Plan provider disclosure errors: A program for self correction?

As I have always said, it would take some time to figure out the effect of fee disclosures on the retirement plan industry.

Things should get a little more interesting as ERISA Attorneys Fred Reish and Bruce Ashton have proposed to the Department of Labor (DOL) that the DOL should institute a voluntary correction program to let plan providers and registered investment advisors (RIAs) to correct errors in relation to fee disclosure and pay a set fee rather than get penalized in a larger amount  later by the DOL (which may equal all the fees that the provider or RIA received from a specific plan).

This program would be akin to the IRS’ Voluntary Compliance Program and the DOL’s Delinquent Filer Voluntary Compliance Program.

I’m all for it because I believe that voluntary compliance programs would ensure more compliance by allowing plan provider to correct errors and then punish those providers who don’t when they get caught on audit..

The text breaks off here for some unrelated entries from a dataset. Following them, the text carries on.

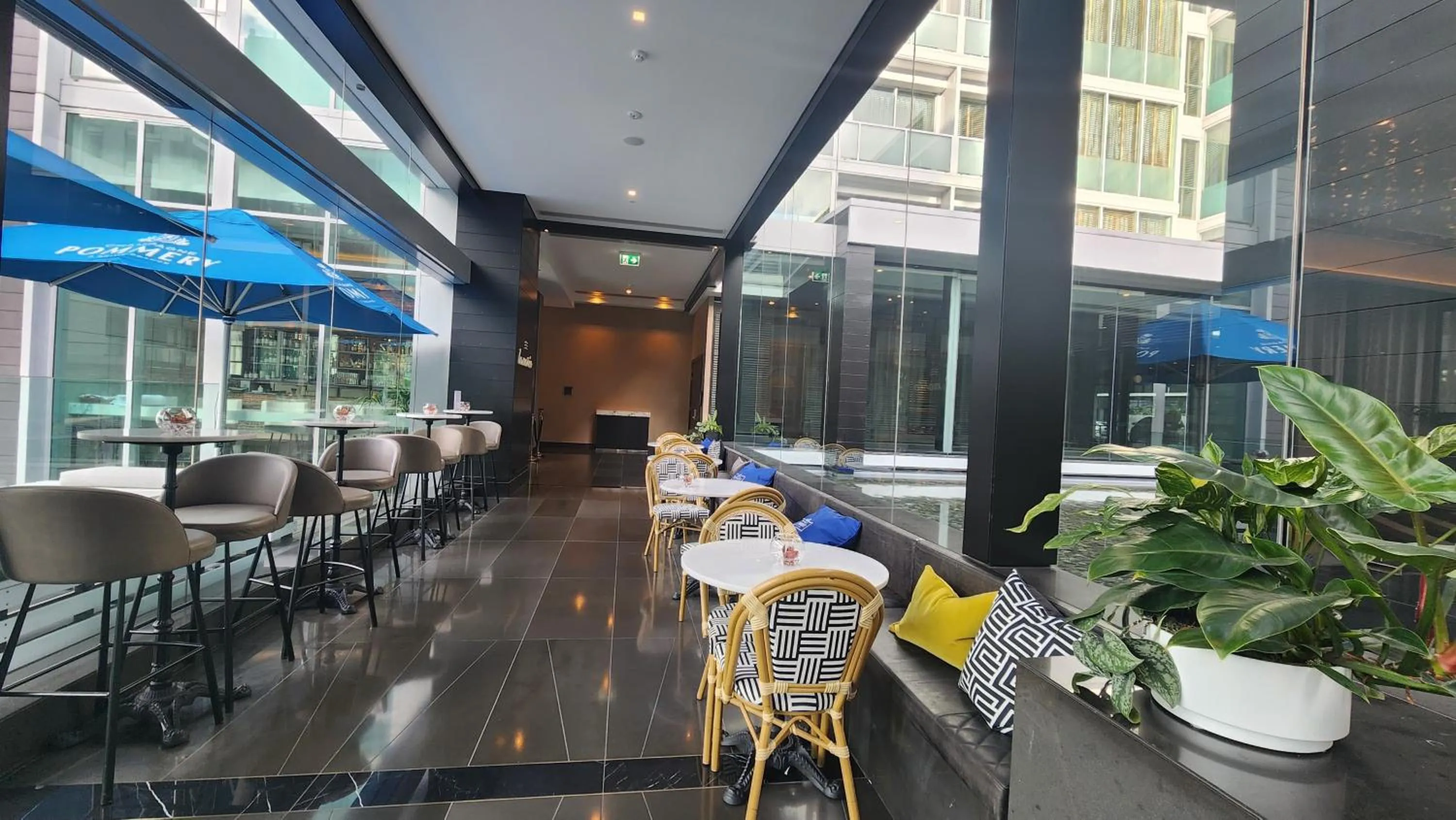 Restaurant/places to eat in Marsden Viaduct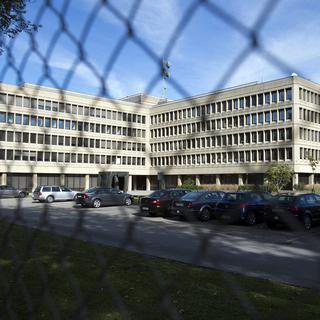 Le siège du Service de renseignement de la Confédération (SRC) à Berne. [Keystone - Peter Schneider]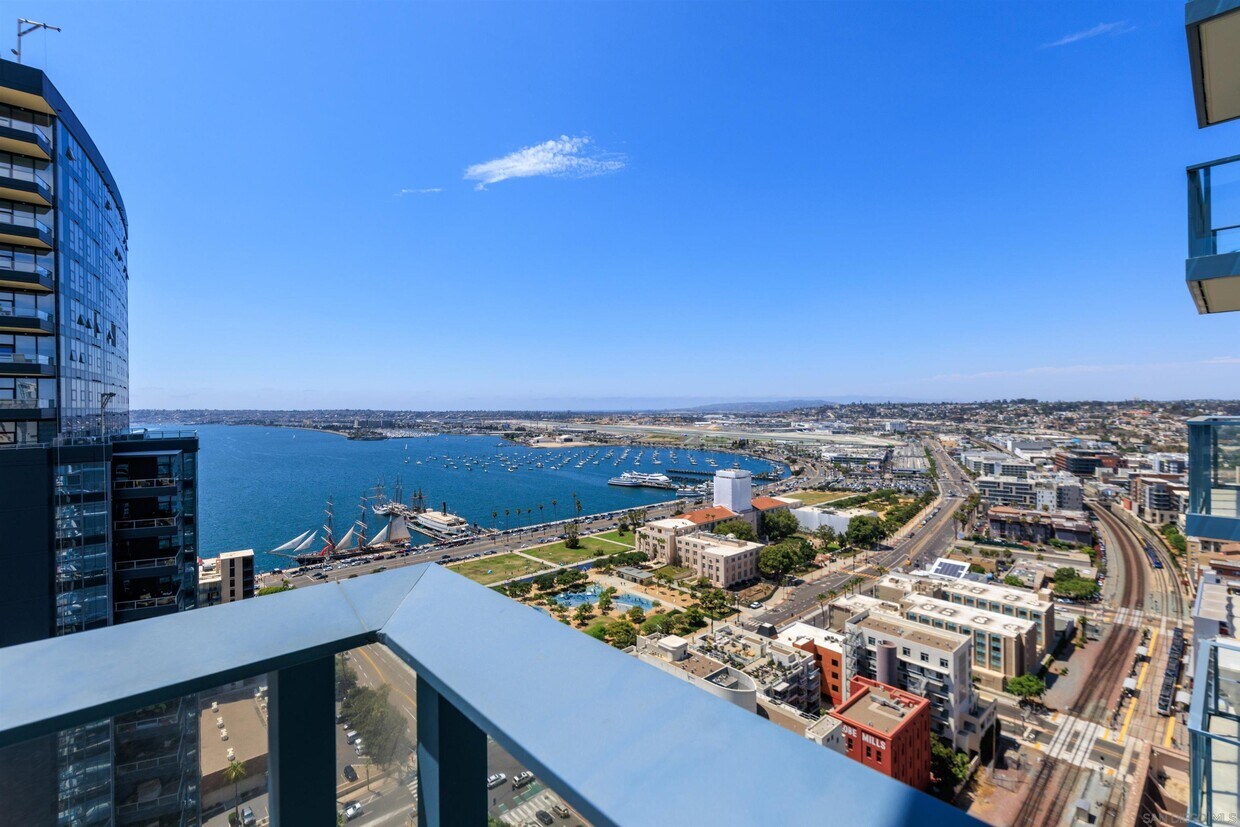 Foto principal - 1388 Kettner Blvd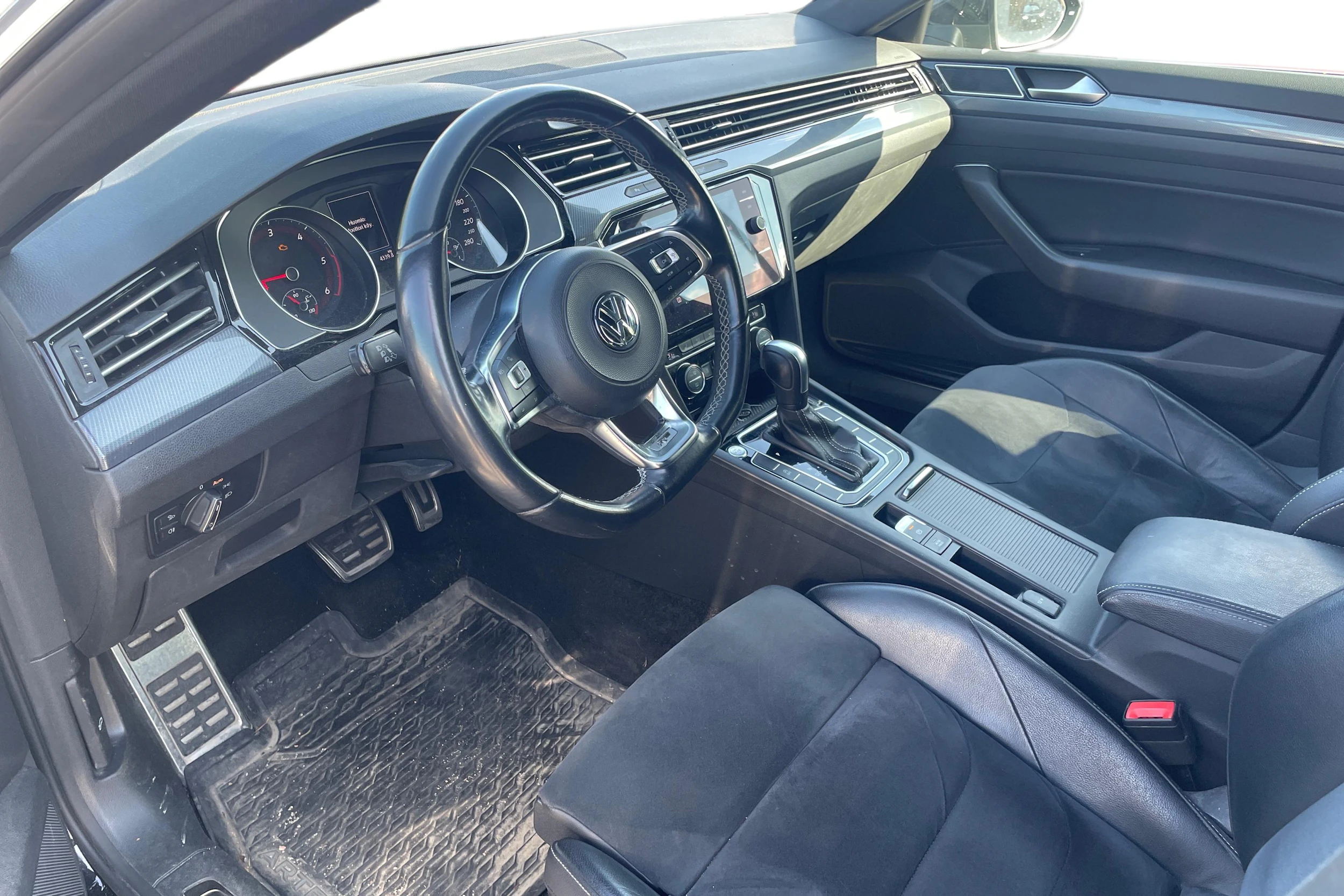 musta Volkswagen Arteon 2020 kuva 3.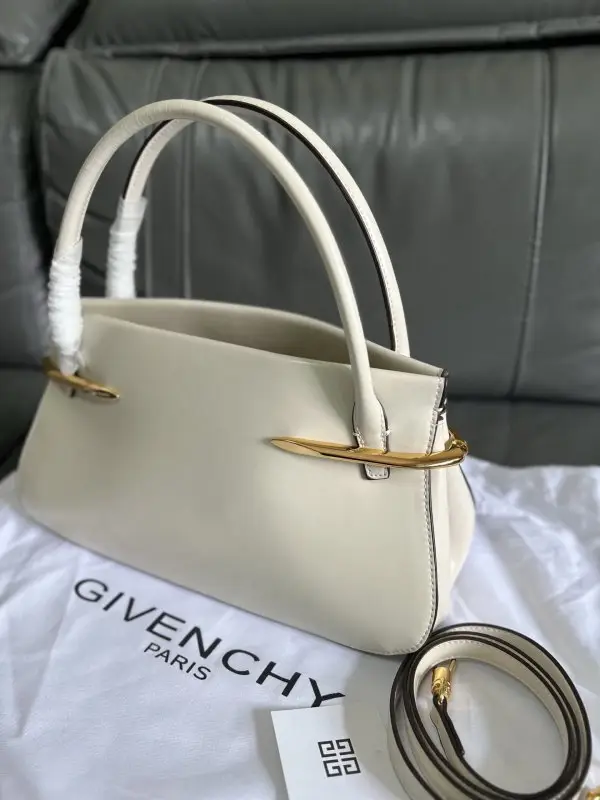Givenchy Сумка Pinch 28 см з золотий фурнитурой — Фото 3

When it comes to retirement plans, inadvertent errors happen all the time. I know, I’ve made a career of helping correcting them.  Working on retirement plans doesn’t require use to be prophets, providers and plan sponsors don’t have to be perfect, they just need a method to strive to be. Allowing plan providers to correct inadvertent errors encourages compliance by having providers acknowledge them while no compliance program encourages them to bury their errors. The movie Casino told us about the holes in the Nevada desert where problems are settled and buried, let us not have a retirement plan landscape that encourages providers to bury their errors and problems when a voluntary compliance program can encourage them to correct inadvertent errors and punish those providers who defy compliance or make “advertent” errors.